Breaking Bad Habits
Are you caught in the vicious circle of smoking, boozing, eavesdropping, thumb sucking, nail biting or gambling? Some wise man had rightly said, “Bad habits are like a comfortable bed, easy to get into, but hard to get out off.” Bad habits are hard to get off, but that is no excuse to retain them any way. Apart from sabotaging your social and personal image, bad habits can be highly detrimental to your professional growth too. While some habits can be life threatening, others like nail biting, nose picking or grinding teeth can simply drive people away from you. Now you don’t want that happening, do you? Also you don’t want to be tilted a ‘chimney’ for your excessive smoking, ‘gossip queen’ for your overwhelming communication skills, or pointed at for you unhygienic ways. Everything you do is up to you, so you should work towards breaking those bad habits before they break you. Again, as said before, bad habits are like old shoes, extremely tough to get rid of. Replacing bad habits with new good ones shall get you started. Easier said than done! Well, if nothing else, at the least you will feel more confident than before.
Breaking Bad Habits
Breaking those habits, which are such a vital part of your life, can be easier said than done. However, if you have inculcated those habits, there sure is a way to get rid of them too.

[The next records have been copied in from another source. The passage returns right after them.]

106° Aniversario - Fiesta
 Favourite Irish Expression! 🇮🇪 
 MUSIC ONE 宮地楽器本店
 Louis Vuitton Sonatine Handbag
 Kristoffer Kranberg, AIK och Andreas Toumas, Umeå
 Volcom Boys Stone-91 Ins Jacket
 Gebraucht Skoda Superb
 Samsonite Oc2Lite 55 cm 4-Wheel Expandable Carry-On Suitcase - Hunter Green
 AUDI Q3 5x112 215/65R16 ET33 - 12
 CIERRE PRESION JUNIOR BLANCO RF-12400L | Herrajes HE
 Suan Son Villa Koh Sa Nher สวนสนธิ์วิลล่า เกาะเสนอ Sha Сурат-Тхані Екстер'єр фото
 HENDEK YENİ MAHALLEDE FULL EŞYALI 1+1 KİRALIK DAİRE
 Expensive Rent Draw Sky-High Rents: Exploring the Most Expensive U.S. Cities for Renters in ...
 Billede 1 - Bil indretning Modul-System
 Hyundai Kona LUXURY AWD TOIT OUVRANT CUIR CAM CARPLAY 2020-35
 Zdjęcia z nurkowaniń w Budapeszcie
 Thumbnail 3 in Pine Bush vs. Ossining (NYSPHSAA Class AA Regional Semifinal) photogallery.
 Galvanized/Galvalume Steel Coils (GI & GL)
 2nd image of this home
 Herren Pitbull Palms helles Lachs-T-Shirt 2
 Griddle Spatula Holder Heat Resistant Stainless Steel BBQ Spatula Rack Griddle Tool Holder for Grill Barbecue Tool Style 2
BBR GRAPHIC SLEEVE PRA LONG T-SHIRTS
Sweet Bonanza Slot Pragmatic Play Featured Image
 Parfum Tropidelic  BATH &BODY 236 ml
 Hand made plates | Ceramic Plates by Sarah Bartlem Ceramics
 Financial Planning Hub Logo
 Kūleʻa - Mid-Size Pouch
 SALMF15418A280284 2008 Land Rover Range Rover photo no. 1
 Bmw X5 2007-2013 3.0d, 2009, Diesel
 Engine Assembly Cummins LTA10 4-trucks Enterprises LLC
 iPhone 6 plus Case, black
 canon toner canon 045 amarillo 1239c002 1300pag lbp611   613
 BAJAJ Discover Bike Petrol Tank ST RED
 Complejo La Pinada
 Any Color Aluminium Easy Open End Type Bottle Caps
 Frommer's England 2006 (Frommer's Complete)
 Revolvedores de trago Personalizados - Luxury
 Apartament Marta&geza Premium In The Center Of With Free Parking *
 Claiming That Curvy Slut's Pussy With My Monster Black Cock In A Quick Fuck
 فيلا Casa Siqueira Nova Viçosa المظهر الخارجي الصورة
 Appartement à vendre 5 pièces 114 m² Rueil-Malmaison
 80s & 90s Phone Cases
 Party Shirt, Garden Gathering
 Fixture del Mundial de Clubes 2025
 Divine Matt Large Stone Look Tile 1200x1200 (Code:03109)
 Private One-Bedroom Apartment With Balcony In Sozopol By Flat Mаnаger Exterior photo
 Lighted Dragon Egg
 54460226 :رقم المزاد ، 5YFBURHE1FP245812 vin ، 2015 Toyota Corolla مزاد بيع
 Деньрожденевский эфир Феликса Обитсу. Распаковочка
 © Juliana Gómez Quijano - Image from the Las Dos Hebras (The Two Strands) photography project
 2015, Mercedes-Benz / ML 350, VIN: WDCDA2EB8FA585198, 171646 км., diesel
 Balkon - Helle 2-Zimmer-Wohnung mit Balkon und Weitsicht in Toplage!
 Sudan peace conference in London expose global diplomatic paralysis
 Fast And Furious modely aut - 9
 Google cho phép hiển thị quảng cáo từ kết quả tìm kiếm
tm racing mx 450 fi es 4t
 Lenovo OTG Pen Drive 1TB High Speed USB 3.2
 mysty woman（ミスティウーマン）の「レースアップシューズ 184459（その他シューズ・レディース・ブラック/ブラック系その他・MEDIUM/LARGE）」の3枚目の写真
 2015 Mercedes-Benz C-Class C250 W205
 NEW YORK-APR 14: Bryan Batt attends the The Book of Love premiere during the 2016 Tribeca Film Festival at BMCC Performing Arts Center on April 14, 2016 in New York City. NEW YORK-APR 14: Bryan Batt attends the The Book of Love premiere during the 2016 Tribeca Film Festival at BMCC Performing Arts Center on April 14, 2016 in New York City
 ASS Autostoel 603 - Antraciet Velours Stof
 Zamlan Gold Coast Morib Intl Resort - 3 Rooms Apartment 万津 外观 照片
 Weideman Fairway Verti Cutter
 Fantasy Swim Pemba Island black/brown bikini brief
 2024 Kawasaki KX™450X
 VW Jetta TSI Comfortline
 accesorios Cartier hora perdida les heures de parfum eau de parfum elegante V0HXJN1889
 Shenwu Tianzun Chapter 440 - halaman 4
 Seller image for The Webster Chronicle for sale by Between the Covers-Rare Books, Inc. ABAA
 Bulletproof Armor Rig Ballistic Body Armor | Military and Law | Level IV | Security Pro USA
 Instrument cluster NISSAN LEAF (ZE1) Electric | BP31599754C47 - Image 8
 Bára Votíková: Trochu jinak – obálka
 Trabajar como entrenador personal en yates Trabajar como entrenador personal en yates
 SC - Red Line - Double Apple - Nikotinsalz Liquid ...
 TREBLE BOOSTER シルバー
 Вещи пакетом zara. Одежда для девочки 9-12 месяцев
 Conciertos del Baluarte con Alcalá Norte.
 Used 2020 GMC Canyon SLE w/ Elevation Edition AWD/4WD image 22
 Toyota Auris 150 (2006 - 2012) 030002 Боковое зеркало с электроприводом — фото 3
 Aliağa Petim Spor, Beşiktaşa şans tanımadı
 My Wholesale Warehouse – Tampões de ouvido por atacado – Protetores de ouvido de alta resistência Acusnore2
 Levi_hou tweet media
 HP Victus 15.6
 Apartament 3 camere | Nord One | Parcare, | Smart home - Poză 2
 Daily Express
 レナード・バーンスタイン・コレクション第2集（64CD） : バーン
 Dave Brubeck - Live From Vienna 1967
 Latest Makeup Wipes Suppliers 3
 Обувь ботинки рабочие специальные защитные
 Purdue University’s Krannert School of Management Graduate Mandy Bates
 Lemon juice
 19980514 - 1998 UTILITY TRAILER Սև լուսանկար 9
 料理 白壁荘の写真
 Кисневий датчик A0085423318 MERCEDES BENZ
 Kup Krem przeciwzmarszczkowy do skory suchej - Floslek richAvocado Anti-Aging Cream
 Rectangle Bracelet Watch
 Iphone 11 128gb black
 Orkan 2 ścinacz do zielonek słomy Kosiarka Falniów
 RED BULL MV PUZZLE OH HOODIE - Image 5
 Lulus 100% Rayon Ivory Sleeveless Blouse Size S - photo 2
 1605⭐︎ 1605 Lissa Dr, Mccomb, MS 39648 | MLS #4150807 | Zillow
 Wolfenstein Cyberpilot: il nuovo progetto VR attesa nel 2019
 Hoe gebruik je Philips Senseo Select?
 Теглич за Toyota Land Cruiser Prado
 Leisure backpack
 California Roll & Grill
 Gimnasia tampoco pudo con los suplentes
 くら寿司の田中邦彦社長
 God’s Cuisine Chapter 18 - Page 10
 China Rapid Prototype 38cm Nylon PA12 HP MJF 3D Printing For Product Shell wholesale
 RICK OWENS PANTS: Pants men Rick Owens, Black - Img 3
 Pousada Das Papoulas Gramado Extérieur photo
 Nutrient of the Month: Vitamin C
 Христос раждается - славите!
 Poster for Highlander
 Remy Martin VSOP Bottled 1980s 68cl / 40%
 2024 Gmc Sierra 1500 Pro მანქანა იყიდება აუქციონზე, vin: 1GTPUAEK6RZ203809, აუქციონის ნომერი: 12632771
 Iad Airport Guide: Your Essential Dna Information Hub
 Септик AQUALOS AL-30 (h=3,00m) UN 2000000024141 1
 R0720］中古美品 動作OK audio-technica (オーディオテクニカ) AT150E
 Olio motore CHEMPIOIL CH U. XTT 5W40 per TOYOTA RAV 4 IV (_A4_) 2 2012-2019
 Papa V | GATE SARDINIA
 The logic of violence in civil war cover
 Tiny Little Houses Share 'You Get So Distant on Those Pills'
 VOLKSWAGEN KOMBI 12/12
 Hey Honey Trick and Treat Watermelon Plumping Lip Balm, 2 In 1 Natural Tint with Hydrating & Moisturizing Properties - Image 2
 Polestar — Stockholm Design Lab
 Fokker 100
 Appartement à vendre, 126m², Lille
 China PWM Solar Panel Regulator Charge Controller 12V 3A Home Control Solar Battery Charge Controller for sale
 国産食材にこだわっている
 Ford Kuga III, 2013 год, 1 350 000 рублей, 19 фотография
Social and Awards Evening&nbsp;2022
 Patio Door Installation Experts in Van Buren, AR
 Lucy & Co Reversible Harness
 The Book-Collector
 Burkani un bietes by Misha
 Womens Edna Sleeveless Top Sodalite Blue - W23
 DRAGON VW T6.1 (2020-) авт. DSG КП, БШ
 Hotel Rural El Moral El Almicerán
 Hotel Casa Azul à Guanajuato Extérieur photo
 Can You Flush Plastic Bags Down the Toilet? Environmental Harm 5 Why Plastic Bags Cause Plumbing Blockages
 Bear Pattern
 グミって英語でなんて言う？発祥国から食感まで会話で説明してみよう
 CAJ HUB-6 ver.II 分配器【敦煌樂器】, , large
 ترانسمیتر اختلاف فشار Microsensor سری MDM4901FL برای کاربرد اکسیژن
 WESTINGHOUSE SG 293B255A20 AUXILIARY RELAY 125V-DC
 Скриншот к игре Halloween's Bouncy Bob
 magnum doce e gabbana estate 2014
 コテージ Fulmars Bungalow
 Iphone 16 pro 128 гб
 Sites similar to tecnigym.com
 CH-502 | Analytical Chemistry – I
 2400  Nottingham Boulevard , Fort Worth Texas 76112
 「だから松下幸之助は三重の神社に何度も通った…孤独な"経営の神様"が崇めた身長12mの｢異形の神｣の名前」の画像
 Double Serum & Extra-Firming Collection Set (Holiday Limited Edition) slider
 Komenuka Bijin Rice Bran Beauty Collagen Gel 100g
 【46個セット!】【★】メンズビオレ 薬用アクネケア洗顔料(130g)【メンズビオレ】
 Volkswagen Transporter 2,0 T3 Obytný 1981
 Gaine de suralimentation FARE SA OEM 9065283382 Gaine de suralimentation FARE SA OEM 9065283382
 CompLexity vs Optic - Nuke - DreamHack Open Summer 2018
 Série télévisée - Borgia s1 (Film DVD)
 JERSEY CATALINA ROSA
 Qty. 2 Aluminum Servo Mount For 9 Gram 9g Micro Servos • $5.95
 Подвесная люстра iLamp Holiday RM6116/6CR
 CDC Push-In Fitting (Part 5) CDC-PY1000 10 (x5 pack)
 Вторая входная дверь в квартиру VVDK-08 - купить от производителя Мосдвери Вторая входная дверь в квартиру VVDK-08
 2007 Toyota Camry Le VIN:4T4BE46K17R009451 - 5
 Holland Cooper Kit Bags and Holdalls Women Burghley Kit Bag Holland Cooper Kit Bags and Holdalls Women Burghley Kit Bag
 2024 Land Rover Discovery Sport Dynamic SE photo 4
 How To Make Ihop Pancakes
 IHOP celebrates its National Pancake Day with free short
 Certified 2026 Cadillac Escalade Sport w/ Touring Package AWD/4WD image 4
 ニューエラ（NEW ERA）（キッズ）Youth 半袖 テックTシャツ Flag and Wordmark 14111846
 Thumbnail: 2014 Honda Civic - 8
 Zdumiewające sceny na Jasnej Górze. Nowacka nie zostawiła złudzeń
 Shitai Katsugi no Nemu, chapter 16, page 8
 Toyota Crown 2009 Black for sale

Introspection—Why You Need To Change
The first step would be to realize the right reason as to why you need to ward off the habit. Is it harming anyone, is it irritating other people around or is it harming you? A strong realization that you really ‘need’ to change this part of your life can be the most important initial step. Reminding yourself that you ‘need to fit into your old jeans so that you can look like the sexy mother you had imagined yourself to be’ would be probably more effective than just telling yourself that ‘you need to lose weight’. Considering the fact that you will be giving yourself slow death and bad skin because of the excessive smoking, which is higher in degree than the temporary pleasure it provides is a good introspection.
Keep A Good Company
You are usually pulled into the bad habits because you are in the company of people doing it. You would be tempted to drink at odd times or indulge into gambling because the people around you are doing it. So stay away from such company as much as possible. For instance, if you want to quit smoking, you can’t possibly hang around with smokers the whole day. Try to surround yourself with people you aspire to become as much as possible.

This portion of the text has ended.